── DATA SEGMENT

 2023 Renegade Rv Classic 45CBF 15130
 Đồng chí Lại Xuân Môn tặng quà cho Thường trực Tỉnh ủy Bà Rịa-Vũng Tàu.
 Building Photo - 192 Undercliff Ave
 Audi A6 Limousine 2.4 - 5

────

**WHAT THIS TASK INVOLVES:**
Set down exactly the lines that begin with the one containing "Building Photo - 192 Undercliff Ave" and end with the last line above, and no others.

**SOLUTION TO THIS EXERCISE:**
 Building Photo - 192 Undercliff Ave
 Audi A6 Limousine 2.4 - 5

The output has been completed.